Task instructions: Reproduce the entries exactly and omit the pictures.

Brief descriptive captions:
/---

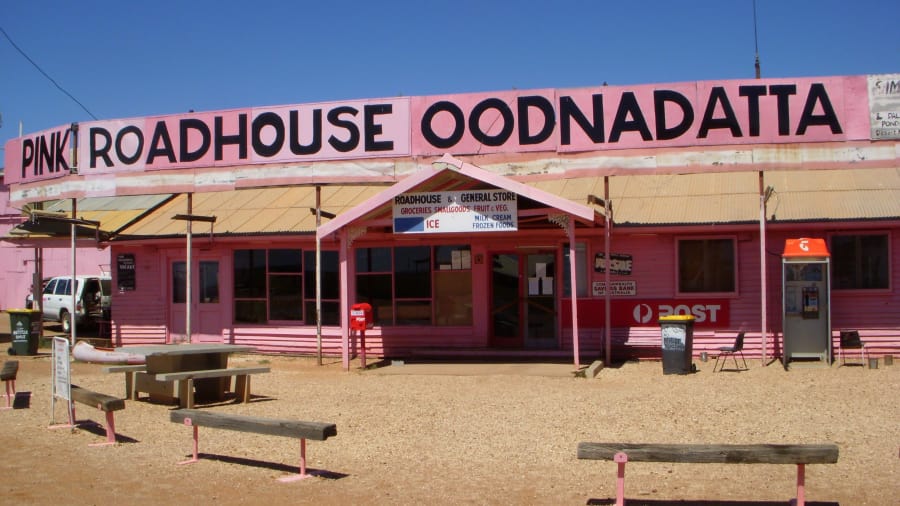 Thị trấn Oodnadatta hiện đang giữ kỷ lục về nhiệt độ cao nhất nước Úc với mức nhiệt 50.7oC ghi nhận hồi năm 1960. (Ảnh: Danielle Tumminio/CNN)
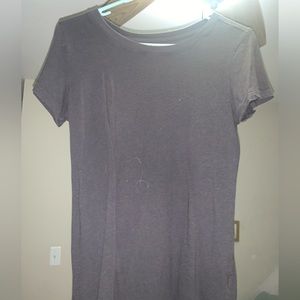 Black short sleeved tee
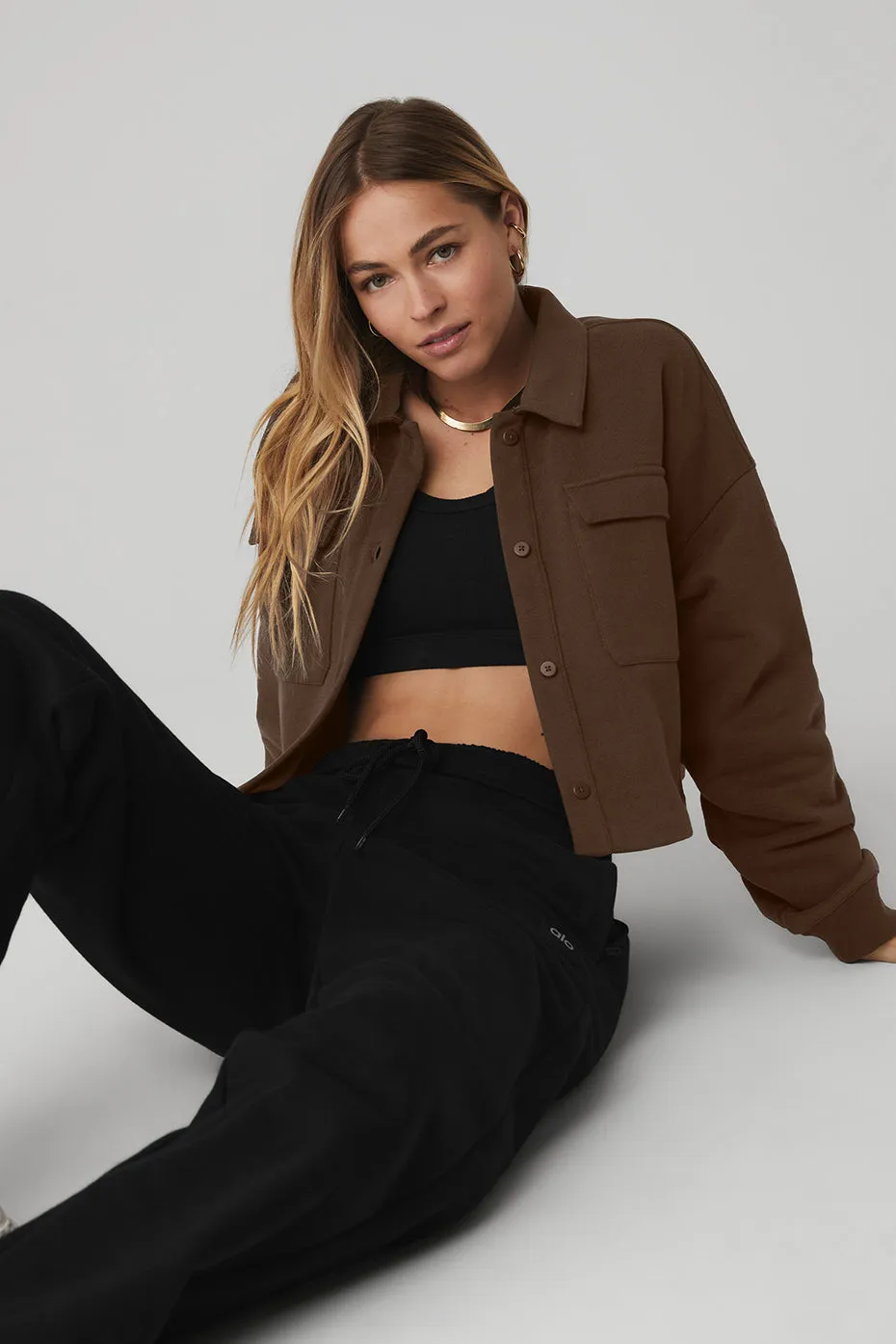 Renown Cropped Button-Up Pullover - Espresso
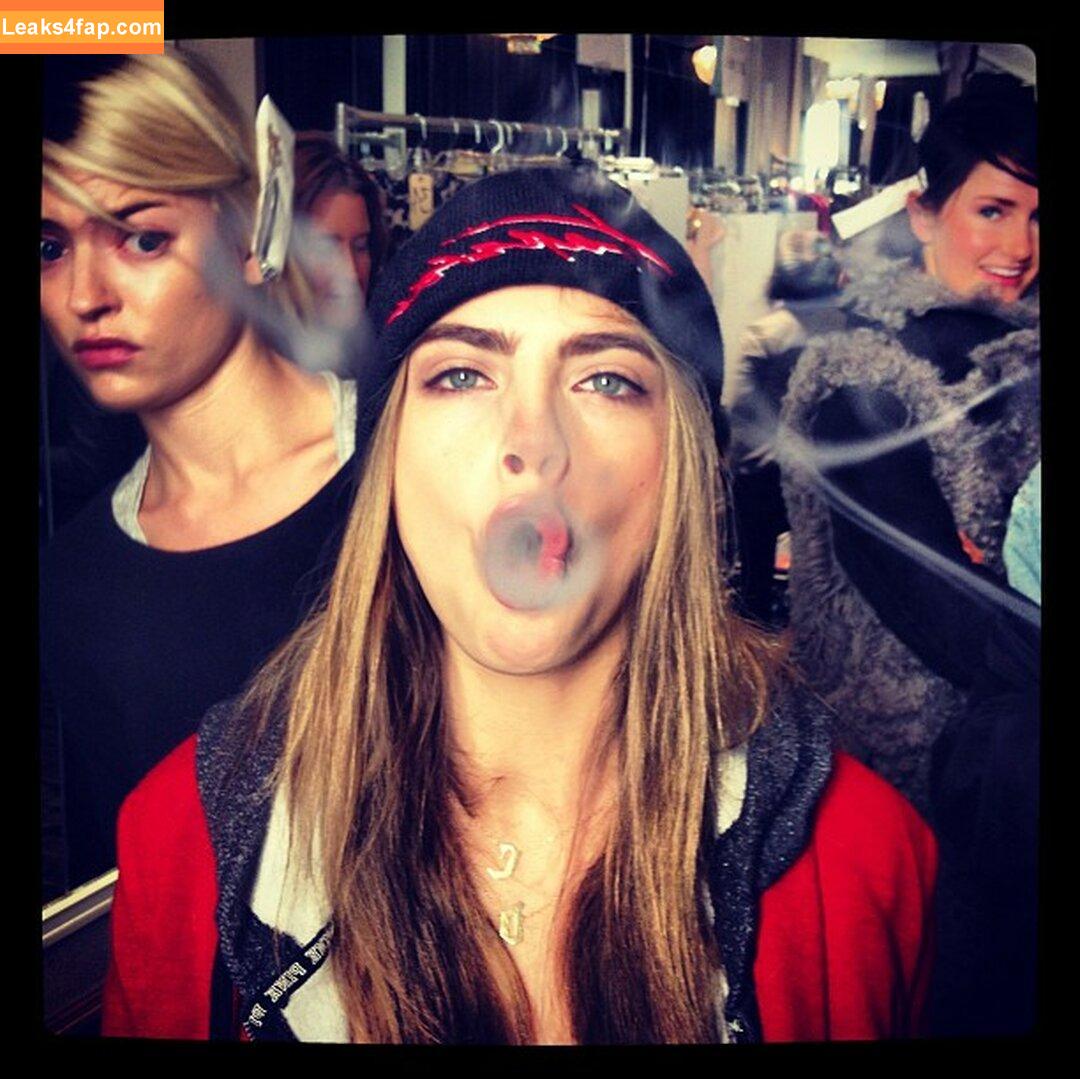 Cara Delevingne / CaraDelevingneOfficialPage / caradelevingne / https: слитое фото фото #1228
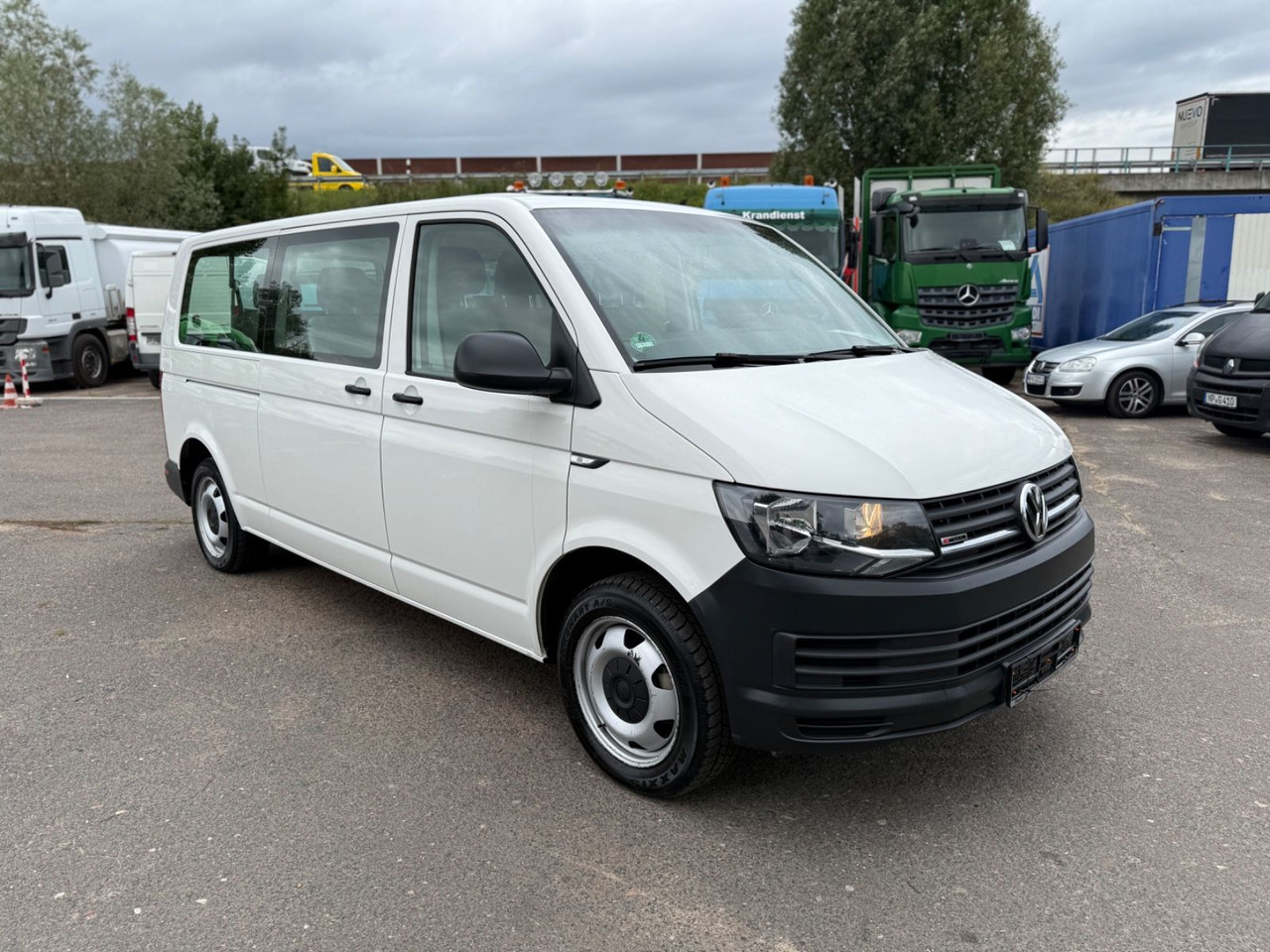 Volkswagen T6 Transporter 9 Sitzer 4Motion - Transport de personnes: photos 2 Volkswagen T6 Transporter 9 Sitzer 4Motion - Transport de personnes: photos 2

\---

The completed task:
 Thị trấn Oodnadatta hiện đang giữ kỷ lục về nhiệt độ cao nhất nước Úc với mức nhiệt 50.7oC ghi nhận hồi năm 1960. (Ảnh: Danielle Tumminio/CNN)
 Black short sleeved tee
 Renown Cropped Button-Up Pullover - Espresso
 Cara Delevingne / CaraDelevingneOfficialPage / caradelevingne / https: слитое фото фото #1228
 Volkswagen T6 Transporter 9 Sitzer 4Motion - Transport de personnes: photos 2 Volkswagen T6 Transporter 9 Sitzer 4Motion - Transport de personnes: photos 2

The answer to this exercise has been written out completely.